A local audit released by the city of Fresno blistered a community sports nonprofit organization whose treasurer is T.J. Cox, a Democrat newly elected in November to represent California's 21st Congressional District, and someone with an occasionally troubled business past.
The nonprofit in question, the Central Valley Community Sports Foundation, agreed in December 2015 to take over the management of Granite Park, a part of the city the Fresno Bee said had an "unfortunate past" but which was oriented around sporting activities like baseball, softball, volleyball, and running.
CVCSF agreed to invest around $2.7 million in renovations and upgrades, and would also run the day-to-day operations. In return the city would kick in $150,000 annually, slightly more than the city had been paying from its own pocket for annual operations. When CVCSF approached the city and asked for a new installment of $150,000 six months ahead of schedule, government officials asked for an audit, which began in September.
The executive summary portion of the audit released last week noted, "the nonprofit has not established effective procedures for monitoring revenues earned and expenses incurred. CVCSF's bookkeeper described the nonprofit's policies and procedures to be informal and communicated verbally."
Later, the audit said CVCSF had no method for contracting with third-party vendors, could not provide supporting documentation for numerous expense and income items, and essentially could not balance its checkbook.
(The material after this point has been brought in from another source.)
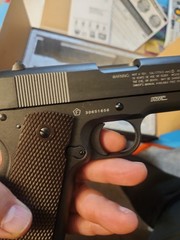 Swiss Arms P1911 Pistol CO2 Operated Semi-Auto BB Pistol 177 NEW IN THE BOX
Finally, the report highlighted questionable loans involving the nonprofit's corporate officers:
In February 2017, two Corporate Officers of CVCSF withdrew $145,140.76 and $75,000 respectively as "loan repayments." However, these withdrawals were made before there was evidence that the individuals had provided any such loans to the non-profit. When Internal Audit questioned CVCSF about the transactions, the bookkeeper explained that the two Corporate Officers of CVCSF had used their own funds to cover some expenses for Granite Park in 2016, but those expenses were not accounted for in the general ledger.
It is unclear whether or not Cox is the "bookkeeper" in the audit, but he is listed as the treasurer on the nonprofit's 2015 IRS form 990, the last and only year that the document is available. The 990 filings can sometimes lag by as much as a year and a half so although exigent circumstances may exist, it is reasonable that the CVCSF's 2016 990 should also now be available.
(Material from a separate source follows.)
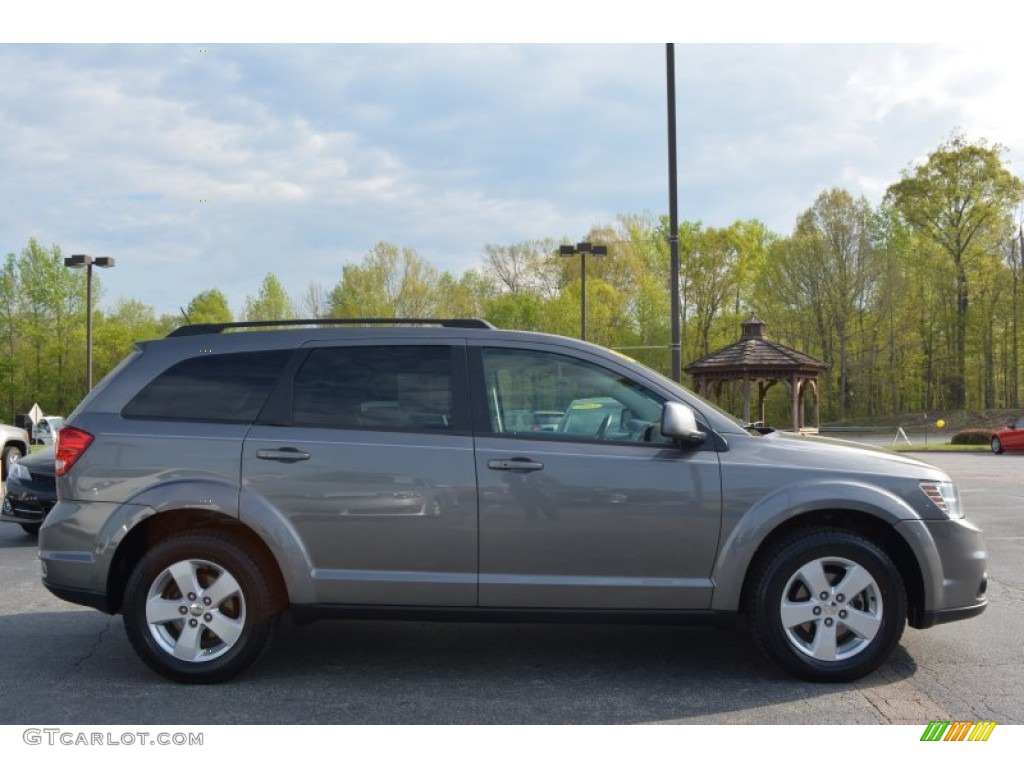 2012 Journey SXT - Storm Grey Pearl / Black/Light Frost Beige photo #2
The 990 also indicates Cox worked an average of two hours a week for the organization, but did not receive income.
The company's president is Terance Frazier, who released the following statement to local media:
"CVCSF is proud of our work to revitalize Granite Park into a state-of-the-art sports facility that has long been forgotten. We took over the park and turned it into a first-class public recreational facility that is used by thousands of residents each month—and at a fraction of the cost to taxpayers to operate and maintain."
Cox did not return a request for comment from the Washington Free Beacon, and does not appear to have provided comment to local media outlets.
A on-air report by KSEE24's Connie Tran in Fresno reached out to all members of the city council, and all declined to comment except for Councilman Miguel Arias, who provided a curious explanation for the findings.
"There's no evidence of mismanagement of money," Arias told KSEE24. "What's clear is that nonprofit organizations use a different accounting system and accounting mechanism than we do in city government."
The audit makes no mention of difficulty between accounting systems and practices. It does say, however, that invoices were not kept, loans sometimes appeared to have been negotiated verbally, and contracts were confusing or nonexistent.
Out of 143 expenses tested, the auditor noted that CVCSF almost never had the correct paperwork, and "[i]n almost every instance, the support provided included a screen print from CVCSF's bank of a payment rather than invoices from vendors.
Even without the request for the annual $150,000 installment from the city ahead of schedule, other problems with the relationship had become evident.
"City officials are mulling whether to break the agreement with Frazier and Cox because of unfilled promises—the restaurant, sports courts, and jogging trails have not been built," the Bee reported five months ago. "The December 2015 agreement called for the restaurant and other amenities to be built within two years."
Although a freshman representative, Cox, 55, is not a newcomer to politics. He previously ran for Congress in 2006 but lost to then-incumbent Republican George Radanovich in California's 19th Congressional District.
Last November, Cox withdrew from the race for the 10th Congressional District, and moved his candidacy to the 21st, where he eventually defeated incumbent Republican representative David Valadao three weeks after election day by a narrow 500 vote margin in what would be the last House race decided from the 2018 vote.
During the campaign, problems from Cox's own business past resurfaced, giving him "other potential vulnerabilities in addition to his address," the Mercury News reported. "In 2015, his own lawyers sued him for not paying his legal bills, and a judge ordered him to pay more than $49,000, including interest, according to Fresno County court records. He later paid the bill."